Academic Bug-Finding Projects in the Long Run

A number of computer science researchers, including me, have made careers out of creating tools that automate, at least partially, the process of finding bugs in computer programs. Recent work like this can be found in almost any good systemsy conference proceedings such as SOSP, OSDI, ASPLOS, ICSE, or PLDI. Examples go back many years, but a good early-modern paper in this mold is “WARLOCK–A Static Data Race Detection Tool” from USENIX 1993.
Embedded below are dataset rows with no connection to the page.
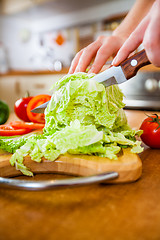 Image showing Woman\'s hands cutting vegetables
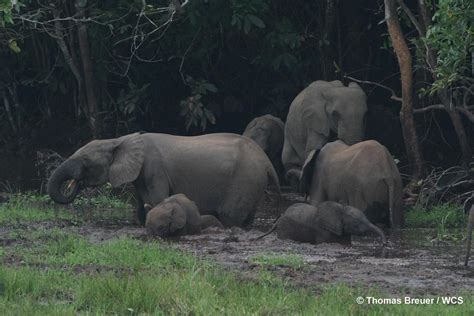 Poaching Of Old Forest Elephant Matriarchs Threatens Rainforests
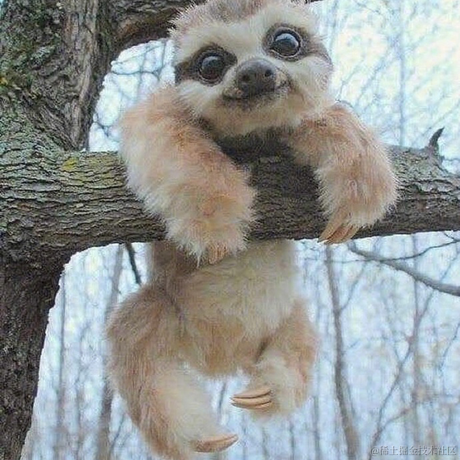 梦之影于2022-10-12 17:16发布的图片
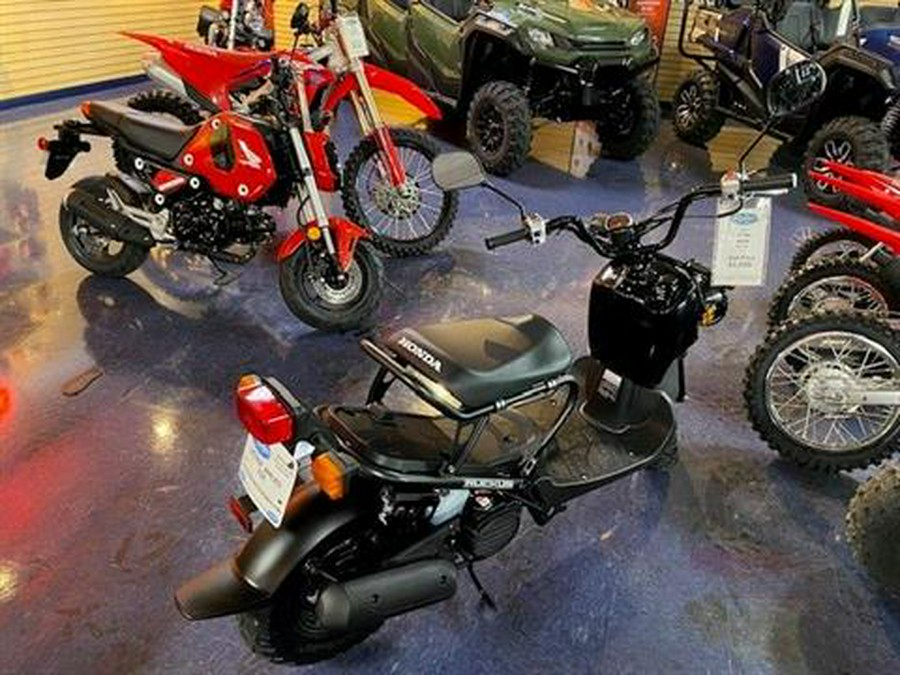 2024 Honda Ruckus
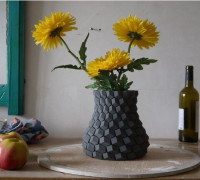 VASE-06 3D model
How do bug-finding papers get published? Two things are required. First, bugs should be found. A few bugs is fine if they are high-value, deep, or otherwise interesting, but it’s also ok to find a large number of garden variety bugs. It’s not required that the bugs are turned into bug reports that are well-received by the people who maintain the buggy software, but that is definitely a plus. It’s not even required that a bug-finding tool (or algorithm) finds any bugs at all, though I personally don’t have much use for that sort of paper. The second thing that is required is some level of novelty in the bug-finding tool. For example, the novel thing about Csmith was taking undefined and unspecified behavior seriously in a program generator and, in particular, the way that it interleaves program generation and static analysis.
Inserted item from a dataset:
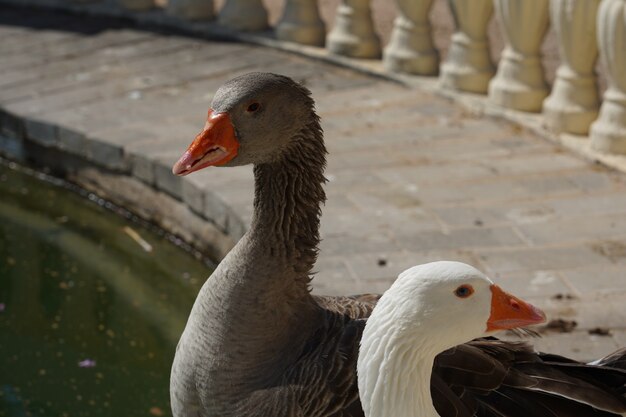 Closeup shot of white and grey geese standing near a lake in a park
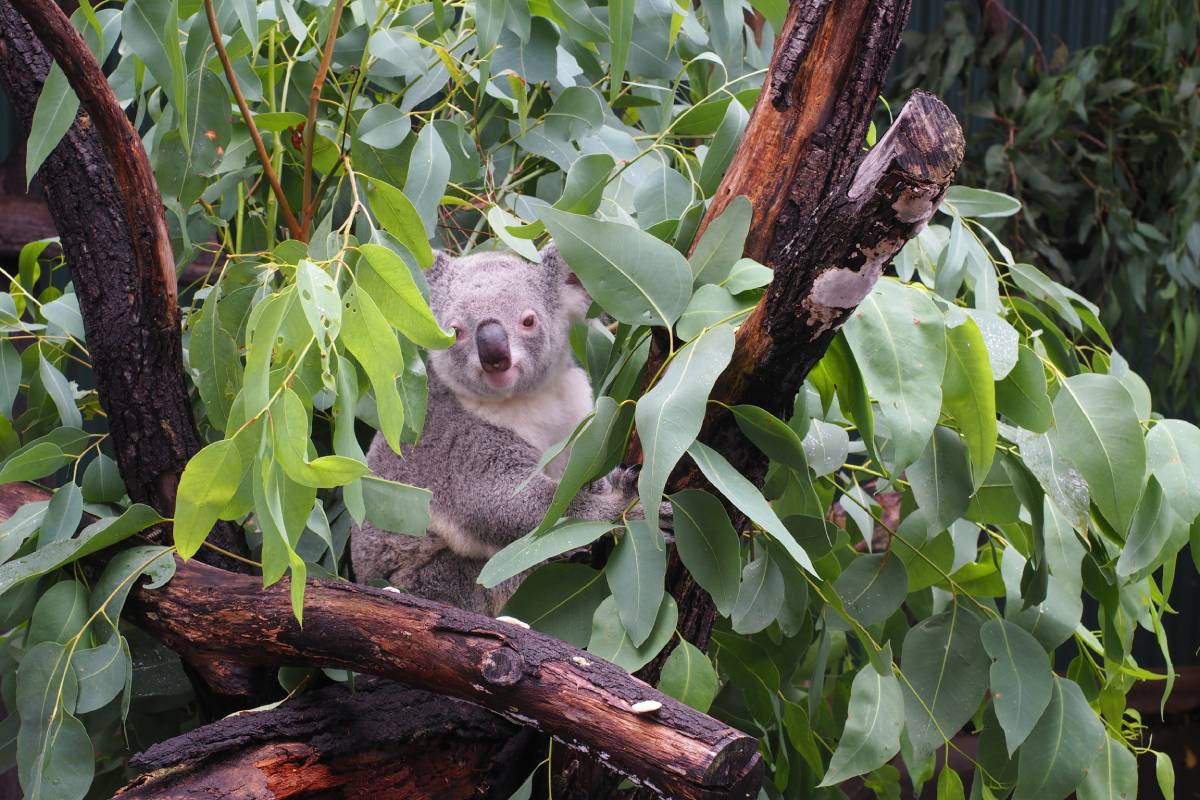 Australia Launches Koala Vaccine to Fight Deadly Chlamydia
So now you know how it works: someone creates a tool, finds some bugs, writes a paper, and that’s that. The problem, as I’ve increasingly come to realize, is that this cycle is not as useful as we would hope. For example, let’s take one of my tools, IOC (here I’m using “my” in a bit of a broad sense: I wrote very little of IOC, though I did cause it to be created). We created the tool, found some integer overflow bugs, wrote a paper. At this point, if I want to maximize things about me that can be measured (papers, citations, grants, etc.), then I’ll stop right there and move on to the next project. But this is a problem — at the time my paper is published, I’ll have only found and reported a tiny fraction of the integer overflow bugs lurking in all the C/C++ codes that are out there. Furthermore, even if I find and report, for example, all of the integer overflows in the Perl interpreter or the Linux kernel, it’s not like these code bases are going to stay clean. Overflow mistakes are so easy to make that developers will just add them back in unless they get frequent feedback from a tool. So, how can we extract more benefit from a tool?
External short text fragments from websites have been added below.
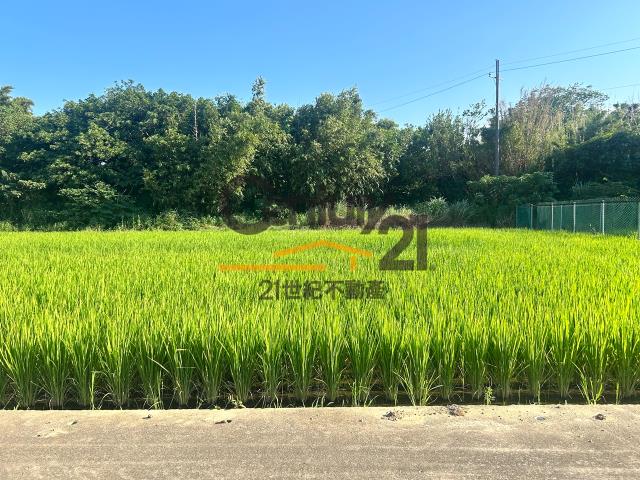 桃園農地-2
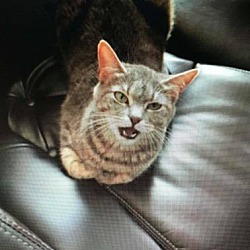 Thumbnail photo of Kaboodle "A Fine, Happy Tabby" #2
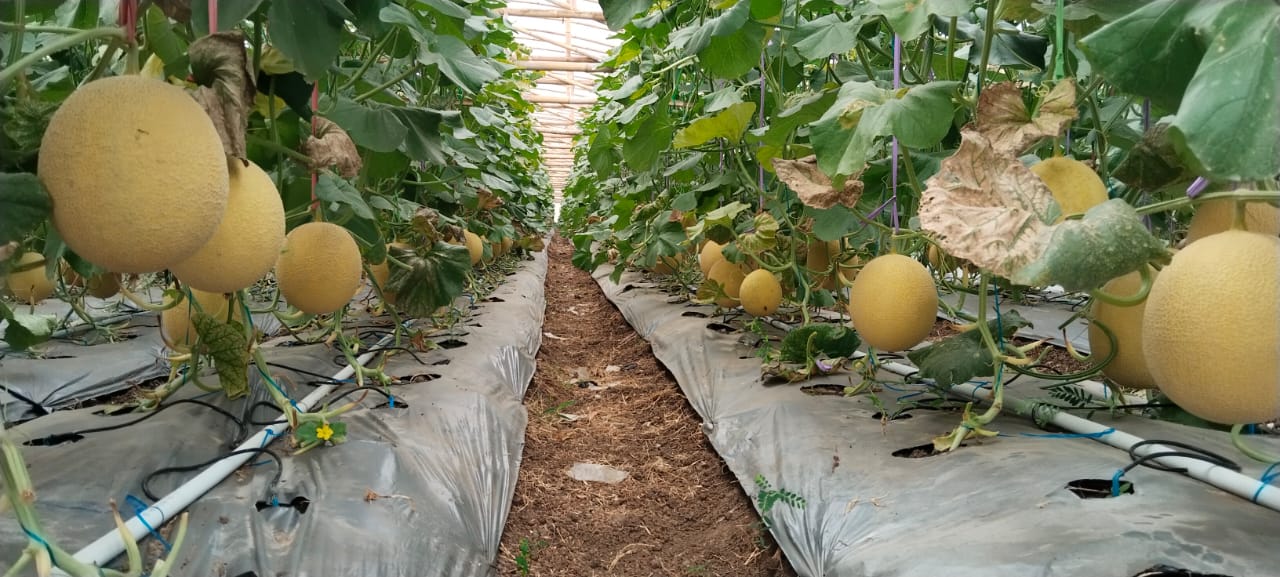 Melon siap panen bentuk ketahanan pangan desa mlinjon Trenggalek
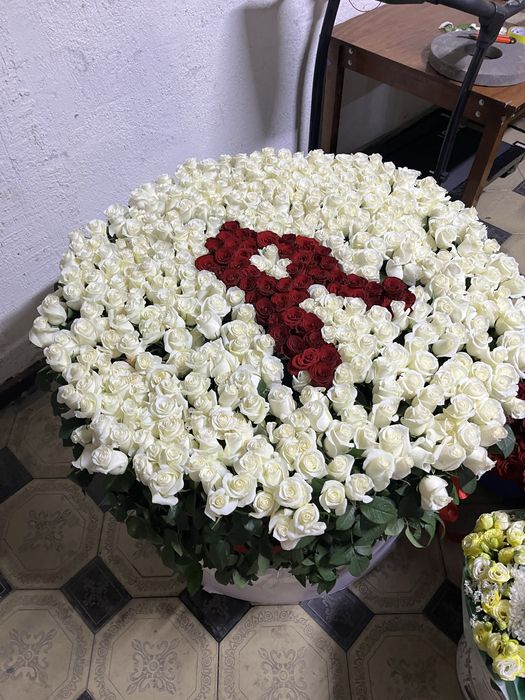 Роза  свежие  1001  шт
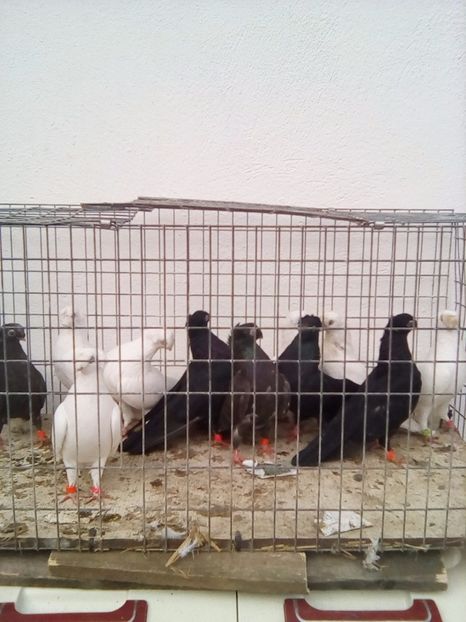  - jucatori dublumot de ardeal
One possibility is that my actual tool doesn’t matter since people will read the paper and implement similar techniques. From a selfish point of view this is the best case since my work has impact without my doing any additional work, but given the flood of CS papers, it’s a lot to expect that busy people in the real world will re-implement all of the useful bug-finding work that’s out there.
If I open-source my tool, people can use it. However, the bar is pretty high if (as is the case for IOC) people have to build a patched Clang, build their project using the new compiler and some special flags, run some tests, and then interpret the tool’s output. Some academic bug-finding tools are easier to use than this (and in fact IOC will be easier to use if we can get it included in LLVM), some are harder, and many are impossible since the source is not available or the tool is effectively unusable.
If I create a company based around my tool (think Coverity) then it becomes widely available, but so far I haven’t been interested in facing the big lifestyle change that comes along with a startup. Also, I believe that the products of publicly funded research should be open source.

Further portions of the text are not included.